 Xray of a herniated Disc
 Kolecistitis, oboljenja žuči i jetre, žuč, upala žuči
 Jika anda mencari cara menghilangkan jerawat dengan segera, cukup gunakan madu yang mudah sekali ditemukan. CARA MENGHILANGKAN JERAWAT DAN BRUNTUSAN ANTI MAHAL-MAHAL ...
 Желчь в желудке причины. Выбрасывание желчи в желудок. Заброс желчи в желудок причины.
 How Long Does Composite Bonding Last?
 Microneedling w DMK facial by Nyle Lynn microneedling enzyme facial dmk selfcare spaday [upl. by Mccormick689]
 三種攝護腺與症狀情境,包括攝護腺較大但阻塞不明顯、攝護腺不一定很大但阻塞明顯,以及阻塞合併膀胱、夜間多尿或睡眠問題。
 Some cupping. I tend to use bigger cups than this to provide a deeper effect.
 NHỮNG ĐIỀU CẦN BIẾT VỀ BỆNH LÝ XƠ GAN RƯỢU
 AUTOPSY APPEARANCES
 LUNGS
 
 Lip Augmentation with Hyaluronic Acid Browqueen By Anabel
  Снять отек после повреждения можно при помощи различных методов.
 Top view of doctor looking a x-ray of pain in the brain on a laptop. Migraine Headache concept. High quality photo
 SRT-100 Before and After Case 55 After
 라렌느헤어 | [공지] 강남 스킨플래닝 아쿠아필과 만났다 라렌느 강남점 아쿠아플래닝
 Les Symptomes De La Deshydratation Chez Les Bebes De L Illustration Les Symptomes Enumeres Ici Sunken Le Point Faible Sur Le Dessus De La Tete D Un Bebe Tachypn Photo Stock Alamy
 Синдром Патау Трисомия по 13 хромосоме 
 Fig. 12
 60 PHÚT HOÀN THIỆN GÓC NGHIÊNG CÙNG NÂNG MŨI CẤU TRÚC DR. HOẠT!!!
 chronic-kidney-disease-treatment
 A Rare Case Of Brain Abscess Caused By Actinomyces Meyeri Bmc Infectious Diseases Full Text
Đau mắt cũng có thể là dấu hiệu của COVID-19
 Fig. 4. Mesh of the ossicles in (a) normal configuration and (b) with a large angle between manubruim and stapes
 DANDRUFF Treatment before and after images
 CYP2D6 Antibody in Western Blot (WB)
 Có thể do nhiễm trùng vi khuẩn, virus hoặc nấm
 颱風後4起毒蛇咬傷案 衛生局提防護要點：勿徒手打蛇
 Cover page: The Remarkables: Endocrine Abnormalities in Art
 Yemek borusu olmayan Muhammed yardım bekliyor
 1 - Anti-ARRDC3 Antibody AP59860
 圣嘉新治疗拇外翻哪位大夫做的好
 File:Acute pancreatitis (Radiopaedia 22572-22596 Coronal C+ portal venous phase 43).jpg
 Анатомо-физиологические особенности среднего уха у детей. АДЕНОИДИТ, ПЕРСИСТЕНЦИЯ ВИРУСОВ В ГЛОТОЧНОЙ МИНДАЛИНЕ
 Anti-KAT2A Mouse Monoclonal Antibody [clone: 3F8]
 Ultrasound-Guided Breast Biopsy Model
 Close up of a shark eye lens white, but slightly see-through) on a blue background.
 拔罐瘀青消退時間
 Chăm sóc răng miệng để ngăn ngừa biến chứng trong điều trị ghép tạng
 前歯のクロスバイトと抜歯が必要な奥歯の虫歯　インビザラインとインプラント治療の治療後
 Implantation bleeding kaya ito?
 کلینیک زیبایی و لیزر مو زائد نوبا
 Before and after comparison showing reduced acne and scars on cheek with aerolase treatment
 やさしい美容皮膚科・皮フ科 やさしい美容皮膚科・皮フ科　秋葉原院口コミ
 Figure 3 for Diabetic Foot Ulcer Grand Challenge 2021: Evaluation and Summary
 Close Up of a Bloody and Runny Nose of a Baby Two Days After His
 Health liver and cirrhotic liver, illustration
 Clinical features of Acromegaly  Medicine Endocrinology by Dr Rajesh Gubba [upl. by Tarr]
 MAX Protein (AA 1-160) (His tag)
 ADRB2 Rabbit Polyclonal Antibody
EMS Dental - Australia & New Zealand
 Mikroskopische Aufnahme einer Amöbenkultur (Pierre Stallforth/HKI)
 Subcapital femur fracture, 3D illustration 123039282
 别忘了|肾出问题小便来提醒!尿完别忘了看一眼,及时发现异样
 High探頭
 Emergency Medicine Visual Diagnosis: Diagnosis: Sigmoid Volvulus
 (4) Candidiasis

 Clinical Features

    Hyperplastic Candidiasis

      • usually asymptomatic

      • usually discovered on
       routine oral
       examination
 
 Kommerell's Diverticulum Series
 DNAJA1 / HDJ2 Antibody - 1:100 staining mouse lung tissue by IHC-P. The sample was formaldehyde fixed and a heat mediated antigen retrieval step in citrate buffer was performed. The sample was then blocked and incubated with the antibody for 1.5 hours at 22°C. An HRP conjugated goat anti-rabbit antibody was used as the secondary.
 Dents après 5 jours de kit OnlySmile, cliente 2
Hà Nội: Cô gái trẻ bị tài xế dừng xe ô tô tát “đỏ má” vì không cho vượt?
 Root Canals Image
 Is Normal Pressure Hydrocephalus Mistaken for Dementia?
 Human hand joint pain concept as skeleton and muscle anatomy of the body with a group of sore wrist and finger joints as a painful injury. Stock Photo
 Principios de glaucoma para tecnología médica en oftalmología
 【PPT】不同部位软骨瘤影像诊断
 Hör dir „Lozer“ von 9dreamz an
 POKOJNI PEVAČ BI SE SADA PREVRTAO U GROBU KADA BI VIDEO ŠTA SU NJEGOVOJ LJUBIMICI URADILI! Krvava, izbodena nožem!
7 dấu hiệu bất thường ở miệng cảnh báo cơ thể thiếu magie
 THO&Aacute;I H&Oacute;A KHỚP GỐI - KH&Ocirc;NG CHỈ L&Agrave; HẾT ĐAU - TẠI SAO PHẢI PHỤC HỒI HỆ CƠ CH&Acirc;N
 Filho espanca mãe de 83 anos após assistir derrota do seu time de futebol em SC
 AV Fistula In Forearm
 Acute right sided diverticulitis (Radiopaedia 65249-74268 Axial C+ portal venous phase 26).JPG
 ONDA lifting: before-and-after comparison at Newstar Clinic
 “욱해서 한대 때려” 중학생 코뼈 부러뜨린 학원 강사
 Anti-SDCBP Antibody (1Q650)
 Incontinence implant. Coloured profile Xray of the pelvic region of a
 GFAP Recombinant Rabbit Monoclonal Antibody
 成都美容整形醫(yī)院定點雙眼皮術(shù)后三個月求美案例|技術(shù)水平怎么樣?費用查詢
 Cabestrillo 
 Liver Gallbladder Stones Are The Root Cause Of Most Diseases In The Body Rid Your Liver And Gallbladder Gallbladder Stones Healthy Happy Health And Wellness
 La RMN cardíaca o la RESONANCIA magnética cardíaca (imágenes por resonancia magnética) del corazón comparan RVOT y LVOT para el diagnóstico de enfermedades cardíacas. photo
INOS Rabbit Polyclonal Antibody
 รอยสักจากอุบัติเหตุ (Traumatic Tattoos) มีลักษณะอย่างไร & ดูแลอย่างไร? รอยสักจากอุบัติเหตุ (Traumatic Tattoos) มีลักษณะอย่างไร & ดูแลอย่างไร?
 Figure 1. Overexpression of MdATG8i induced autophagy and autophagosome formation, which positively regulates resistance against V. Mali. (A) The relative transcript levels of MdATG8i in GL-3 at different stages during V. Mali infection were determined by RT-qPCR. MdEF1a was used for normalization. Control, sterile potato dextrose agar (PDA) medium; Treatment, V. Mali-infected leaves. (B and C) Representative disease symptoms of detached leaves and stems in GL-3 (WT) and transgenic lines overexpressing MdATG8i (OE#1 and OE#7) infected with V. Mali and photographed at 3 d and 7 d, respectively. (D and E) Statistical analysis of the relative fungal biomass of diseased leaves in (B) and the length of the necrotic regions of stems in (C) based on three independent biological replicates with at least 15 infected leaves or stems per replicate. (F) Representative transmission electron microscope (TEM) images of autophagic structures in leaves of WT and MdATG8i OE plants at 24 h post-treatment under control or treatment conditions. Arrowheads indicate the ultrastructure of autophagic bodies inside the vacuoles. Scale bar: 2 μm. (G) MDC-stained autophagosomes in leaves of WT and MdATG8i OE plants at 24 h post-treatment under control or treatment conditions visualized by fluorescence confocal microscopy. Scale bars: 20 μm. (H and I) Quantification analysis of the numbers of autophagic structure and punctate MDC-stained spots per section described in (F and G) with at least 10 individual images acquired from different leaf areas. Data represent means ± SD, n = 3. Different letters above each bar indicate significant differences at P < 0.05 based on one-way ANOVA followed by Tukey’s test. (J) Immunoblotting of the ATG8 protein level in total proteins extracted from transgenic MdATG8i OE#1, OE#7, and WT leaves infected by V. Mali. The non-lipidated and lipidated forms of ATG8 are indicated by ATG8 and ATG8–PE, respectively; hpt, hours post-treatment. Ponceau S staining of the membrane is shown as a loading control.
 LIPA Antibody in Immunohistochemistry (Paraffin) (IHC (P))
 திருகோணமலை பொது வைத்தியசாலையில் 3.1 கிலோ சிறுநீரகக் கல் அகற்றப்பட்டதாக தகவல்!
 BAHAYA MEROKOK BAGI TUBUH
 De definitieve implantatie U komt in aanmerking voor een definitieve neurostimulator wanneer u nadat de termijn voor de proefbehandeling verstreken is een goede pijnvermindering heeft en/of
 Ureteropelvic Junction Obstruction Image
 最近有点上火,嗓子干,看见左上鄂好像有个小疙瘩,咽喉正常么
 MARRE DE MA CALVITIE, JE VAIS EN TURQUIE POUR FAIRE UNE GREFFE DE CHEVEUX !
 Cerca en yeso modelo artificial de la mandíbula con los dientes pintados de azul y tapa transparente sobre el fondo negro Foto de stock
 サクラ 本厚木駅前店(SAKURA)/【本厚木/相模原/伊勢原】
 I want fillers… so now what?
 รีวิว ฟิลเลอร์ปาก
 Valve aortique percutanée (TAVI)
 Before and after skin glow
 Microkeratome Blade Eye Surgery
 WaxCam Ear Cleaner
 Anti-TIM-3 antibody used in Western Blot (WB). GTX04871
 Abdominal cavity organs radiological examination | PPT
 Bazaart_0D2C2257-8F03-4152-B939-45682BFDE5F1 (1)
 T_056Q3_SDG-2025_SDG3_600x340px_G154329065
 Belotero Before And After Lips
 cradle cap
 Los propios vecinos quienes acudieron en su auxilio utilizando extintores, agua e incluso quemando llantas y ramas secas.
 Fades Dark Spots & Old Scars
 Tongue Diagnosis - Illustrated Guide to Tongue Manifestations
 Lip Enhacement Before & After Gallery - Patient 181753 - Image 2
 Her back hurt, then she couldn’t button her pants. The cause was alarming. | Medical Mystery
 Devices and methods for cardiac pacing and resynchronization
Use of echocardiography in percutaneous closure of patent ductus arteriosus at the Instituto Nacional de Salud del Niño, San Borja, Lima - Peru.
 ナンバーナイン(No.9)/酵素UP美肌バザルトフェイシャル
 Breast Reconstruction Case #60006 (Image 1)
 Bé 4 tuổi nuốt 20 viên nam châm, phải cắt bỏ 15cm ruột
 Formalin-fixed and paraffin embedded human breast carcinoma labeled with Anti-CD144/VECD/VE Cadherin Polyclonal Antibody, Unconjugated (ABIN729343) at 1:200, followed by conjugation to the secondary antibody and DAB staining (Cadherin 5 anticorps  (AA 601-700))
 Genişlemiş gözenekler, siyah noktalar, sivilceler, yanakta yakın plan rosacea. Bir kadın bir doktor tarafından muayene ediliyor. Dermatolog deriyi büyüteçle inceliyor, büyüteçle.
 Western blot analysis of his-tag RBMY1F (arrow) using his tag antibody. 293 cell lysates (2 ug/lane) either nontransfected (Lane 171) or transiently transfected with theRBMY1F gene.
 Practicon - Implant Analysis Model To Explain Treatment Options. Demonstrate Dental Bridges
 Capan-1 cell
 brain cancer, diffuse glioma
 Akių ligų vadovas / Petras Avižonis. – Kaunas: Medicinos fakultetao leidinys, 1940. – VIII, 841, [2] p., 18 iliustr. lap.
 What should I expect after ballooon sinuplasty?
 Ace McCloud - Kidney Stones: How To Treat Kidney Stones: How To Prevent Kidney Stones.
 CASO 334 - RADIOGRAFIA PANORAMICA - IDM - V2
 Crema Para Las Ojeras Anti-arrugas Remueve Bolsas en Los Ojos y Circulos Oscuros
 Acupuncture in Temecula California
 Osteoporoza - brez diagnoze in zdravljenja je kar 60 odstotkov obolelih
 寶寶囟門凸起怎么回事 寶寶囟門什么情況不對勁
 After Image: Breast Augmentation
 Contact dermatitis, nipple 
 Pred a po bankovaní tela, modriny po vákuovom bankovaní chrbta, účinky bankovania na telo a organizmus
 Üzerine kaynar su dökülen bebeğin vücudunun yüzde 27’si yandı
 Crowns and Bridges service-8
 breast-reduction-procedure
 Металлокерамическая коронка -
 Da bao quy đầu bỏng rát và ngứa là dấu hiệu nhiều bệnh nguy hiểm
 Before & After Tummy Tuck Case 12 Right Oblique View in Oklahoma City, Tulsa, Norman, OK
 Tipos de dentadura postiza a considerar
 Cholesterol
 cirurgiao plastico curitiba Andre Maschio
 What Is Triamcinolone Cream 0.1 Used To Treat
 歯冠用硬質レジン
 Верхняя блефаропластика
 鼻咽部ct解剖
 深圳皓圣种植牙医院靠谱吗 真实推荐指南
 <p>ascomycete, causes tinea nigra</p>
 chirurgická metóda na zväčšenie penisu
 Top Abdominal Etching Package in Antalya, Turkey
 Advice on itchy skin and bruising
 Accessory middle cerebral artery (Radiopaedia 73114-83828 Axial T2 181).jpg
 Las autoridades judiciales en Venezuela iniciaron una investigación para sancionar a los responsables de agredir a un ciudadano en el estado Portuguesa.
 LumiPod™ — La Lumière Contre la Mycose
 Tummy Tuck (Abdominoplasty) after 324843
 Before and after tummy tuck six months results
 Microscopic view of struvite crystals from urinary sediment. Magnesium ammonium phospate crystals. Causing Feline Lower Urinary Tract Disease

* * * * * * *

- _Task objective_
Return exactly, please, the lines of the material from the first one down to and including the line where "Синдром Патау Трисомия по 13 хромосоме" appears.

- _Result of the task_
 Xray of a herniated Disc
 Kolecistitis, oboljenja žuči i jetre, žuč, upala žuči
 Jika anda mencari cara menghilangkan jerawat dengan segera, cukup gunakan madu yang mudah sekali ditemukan. CARA MENGHILANGKAN JERAWAT DAN BRUNTUSAN ANTI MAHAL-MAHAL ...
 Желчь в желудке причины. Выбрасывание желчи в желудок. Заброс желчи в желудок причины.
 How Long Does Composite Bonding Last?
 Microneedling w DMK facial by Nyle Lynn microneedling enzyme facial dmk selfcare spaday [upl. by Mccormick689]
 三種攝護腺與症狀情境,包括攝護腺較大但阻塞不明顯、攝護腺不一定很大但阻塞明顯,以及阻塞合併膀胱、夜間多尿或睡眠問題。
 Some cupping. I tend to use bigger cups than this to provide a deeper effect.
 NHỮNG ĐIỀU CẦN BIẾT VỀ BỆNH LÝ XƠ GAN RƯỢU
 AUTOPSY APPEARANCES
 LUNGS
 
 Lip Augmentation with Hyaluronic Acid Browqueen By Anabel
  Снять отек после повреждения можно при помощи различных методов.
 Top view of doctor looking a x-ray of pain in the brain on a laptop. Migraine Headache concept. High quality photo
 SRT-100 Before and After Case 55 After
 라렌느헤어 | [공지] 강남 스킨플래닝 아쿠아필과 만났다 라렌느 강남점 아쿠아플래닝
 Les Symptomes De La Deshydratation Chez Les Bebes De L Illustration Les Symptomes Enumeres Ici Sunken Le Point Faible Sur Le Dessus De La Tete D Un Bebe Tachypn Photo Stock Alamy
 Синдром Патау Трисомия по 13 хромосоме 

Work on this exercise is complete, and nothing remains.